### Work request:
The whole listing, apart from its images, should be restated word for word.

(Dataset section)

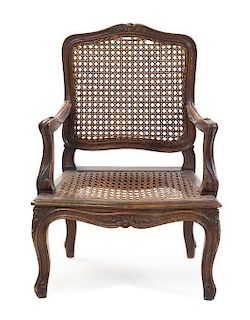 A Louis XV Style Provincial Child's Fauteuil Height 23 1/4 inches.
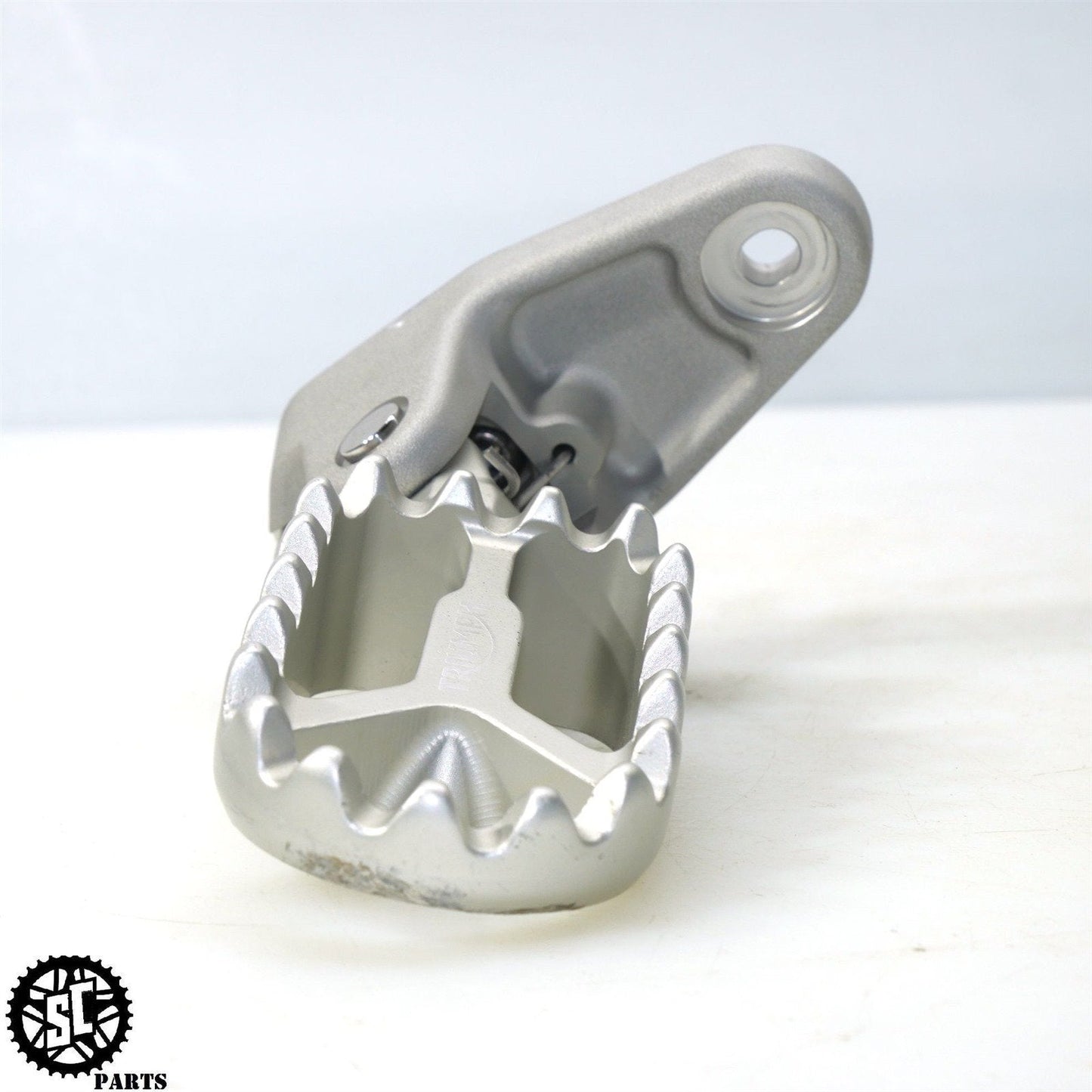 22-23 TRIUMPH TIGER 1200 LEFT FRONT FOOT PEG BRACKET T25
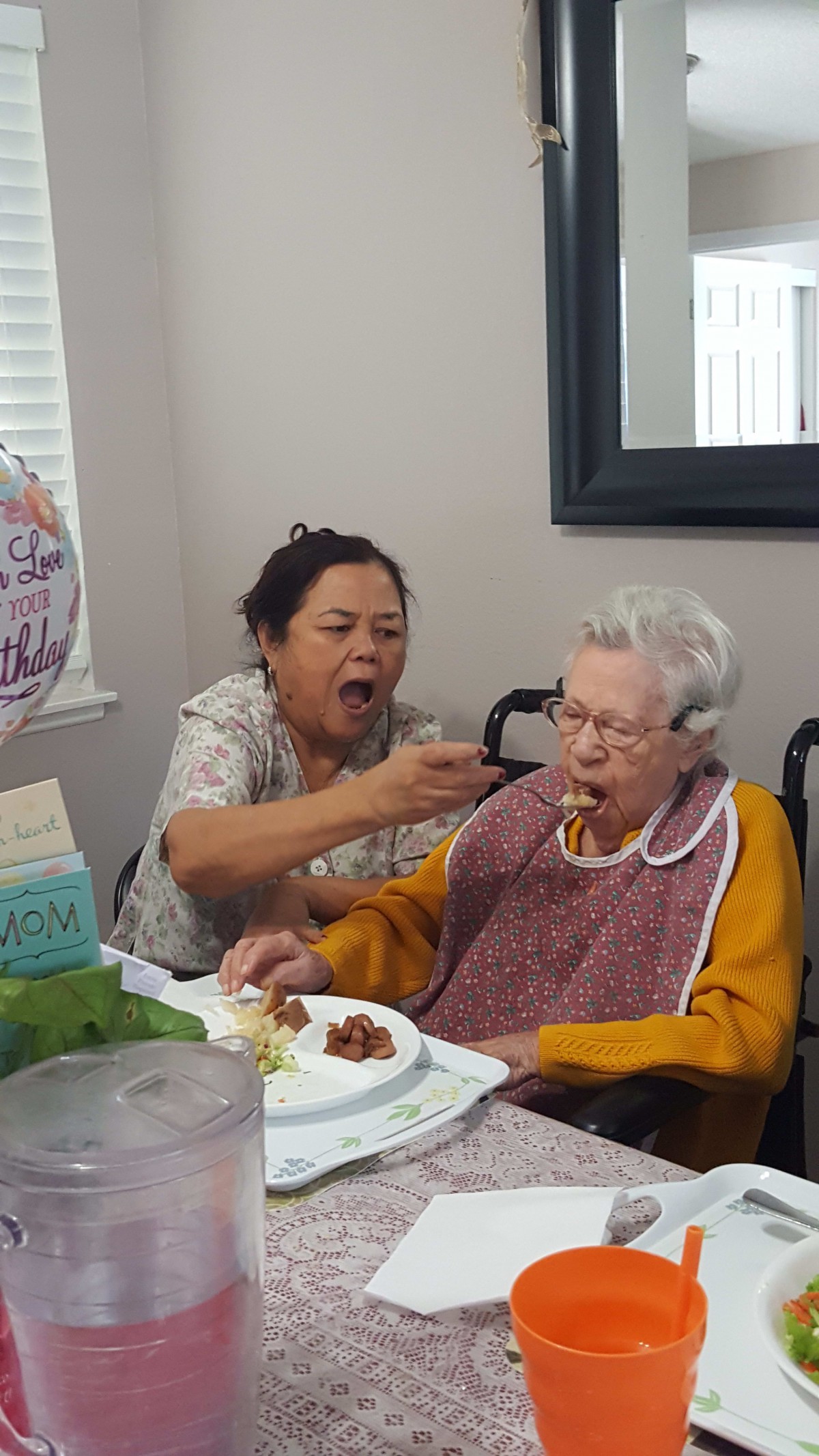 A caregiver feeds an elderly woman in a wheelchair during mealtime.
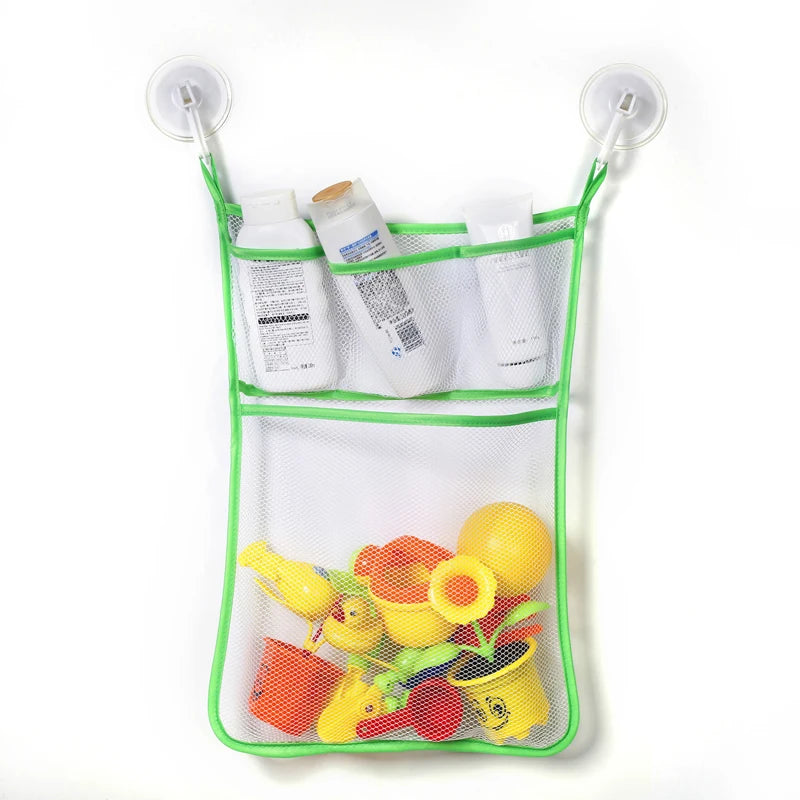 A green mesh storage bag filled with white bath toys, including a bottle and various yellow and orange duck frog bath toys.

(End Dataset section)

### Task result:
 A Louis XV Style Provincial Child's Fauteuil Height 23 1/4 inches.
 22-23 TRIUMPH TIGER 1200 LEFT FRONT FOOT PEG BRACKET T25
 A caregiver feeds an elderly woman in a wheelchair during mealtime.
 A green mesh storage bag filled with white bath toys, including a bottle and various yellow and orange duck frog bath toys.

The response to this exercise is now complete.